§ **PROVIDED RECORDS**
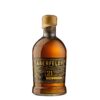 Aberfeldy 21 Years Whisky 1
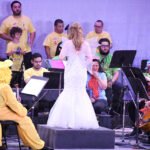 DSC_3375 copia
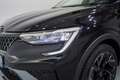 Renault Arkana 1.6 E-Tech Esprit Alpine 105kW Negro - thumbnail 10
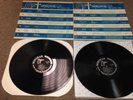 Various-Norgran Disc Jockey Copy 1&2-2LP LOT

--

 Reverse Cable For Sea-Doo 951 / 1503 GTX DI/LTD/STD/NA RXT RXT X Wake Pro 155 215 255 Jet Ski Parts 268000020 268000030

§ **EXERCISE AIM**
In the records above, copy exactly everything from the line that has "DSC_3375 copia" down to the line that has "Various-Norgran Disc Jockey Copy 1&2-2LP LOT", both ends included, and leave out the pictures.

§ **RESULT**
 DSC_3375 copia
 Renault Arkana 1.6 E-Tech Esprit Alpine 105kW Negro - thumbnail 10
 Various-Norgran Disc Jockey Copy 1&2-2LP LOT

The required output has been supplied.